Apple is struggling in the AI battle, and it knows it. But the tech giant isn’t one to give up without a good fight. The Cupertino-based company has introduced a ‘Foundation Models’ framework, which gives developers access to a 3-billion parameter on-device model. The model supports 15 languages, processes both text and images, and is optimised for performance on Apple Silicon.
Apple’s 3B parameter language model can handle a wide variety of text-based tasks, including summarising, extracting key information, understanding and improving text, handling brief conversations, and creating original content.
It now faces direct competition from Google’s Gemma 3n, which runs on phones, tablets, and laptops. The model supports text, image, and audio inputs, includes advanced video processing capabilities, and operates with a dynamic memory footprint of just 2 to 3 GB, enabled by Google DeepMind’s per-layer embeddings innovation.
Its audio features support reliable speech recognition and spoken language translation. The model is also built to interpret combinations of different input types for more complex use cases.
Though the two models share similar goals, Gemma 3n is a better fit for developers and users, thanks to its multimodal capabilities and open-source approach. Google collaborated with Qualcomm Technologies, MediaTek and Samsung’s System LSI business to optimise performance in a wide range of hardware.
In contrast, Apple Intelligence takes a hybrid approach, combining on-device processing with cloud-based computation. While Apple’s neural processing units (NPUs) handle fast tasks locally, more complex queries often rely on server-side processing, which requires an internet connection.
“Apple doesn’t report benchmarks for their AIs, reporting on an ill-documented head-to-head evaluation. But even by their standards, Apple’s latest on-device models are mostly worse than the open Gemma 3-4B from Google or Qwen 3-4B,” said Ethan Mollick, professor at Wharton University, in a post on X.
On the LMArena leaderboard for text-based tasks, the Gemma 3n scored 1293 points. In comparison, OpenAI’s o3-mini scored 1329 points, and the o4-mini scored 1379 points.
Android vs iOS Ecosystem
Lately, Google has been pushing AI deeper into the Android ecosystem, letting smartphone users run large language models locally without needing an internet connection.
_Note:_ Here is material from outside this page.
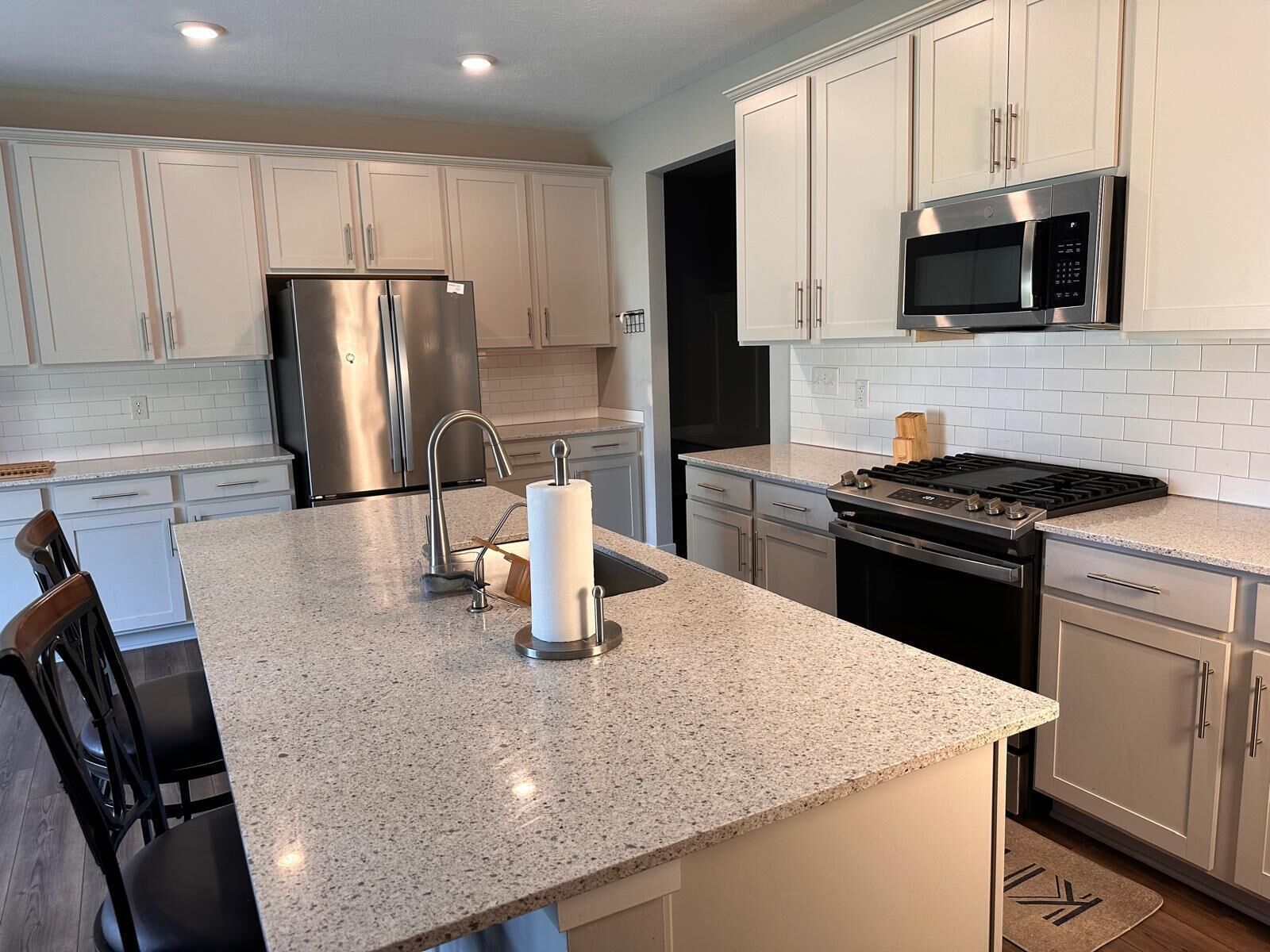 5-bedroom 4-bathroom big spacious residence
To support this, the company introduced Edge Gallery, a new Android app that allows users to download and use its AI models directly on their devices. The app is available through the Google AI Edge GitHub repository, and an iOS version is expected soon.
“This app is a resource for understanding the practical implementation of the LLM Inference API and the potential of on-device generative AI,” the company said in a blog post.
Google has the advantage of the Android ecosystem as well. As of 2025, Android’s global user base ranges from 3.9 billion to 4.5 billion, making up approximately 71 to 72% of smartphone operating systems in use. iOS trails with 1.56 to 1.8 billion users, holding a market share close to 28 to 29%.
However, Apple is stepping up its AI game with features that feel genuinely useful. Live Translation helps you chat across languages in real time, even on calls. Image Playground and Genmoji let you create expressive, custom visuals. Visual Intelligence can understand what’s on your screen and take action. And for fitness buffs, Workout Buddy delivers live motivation based on your workout stats.
In a recent interview, Apple’s marketing chief, Greg Joswiak, said that Apple’s approach to AI is different from its competitors. Rather than offering a standalone AI app or chatbot, Apple is integrating generative AI quietly and deeply into the operating system.
“There’s no app called Apple Intelligence. Sometimes, you’re doing things and you don’t even realise you’re using Apple Intelligence or, you know, AI to do them,” said Joswiak.
Apple claims its on-device model outperforms Qwen-2.5-3B across all supported languages, and holds up well against Qwen-3-4B and Gemma-3-4B in English. Meanwhile, its server-based model compares favourably with Llama-4-Scout, though it still lags behind larger models like Qwen-3-235B and GPT-4o.
Yet, Siri received barely a mention during WWDC 2025. Addressing this, Apple’s software chief Craig Federighi explained that the company had a two-phase architecture and working demos in place, but the quality and reliability fell short of Apple’s internal standards, particularly when handling unpredictable and open-ended queries.
Although parts of the system were functional, Apple chose not to release a product that did not meet its bar.
Apple may be playing the long game, but in the fast-moving world of AI, time is a luxury it can’t afford. With Google setting the pace, Apple now faces a future where quiet integration alone may no longer be enough.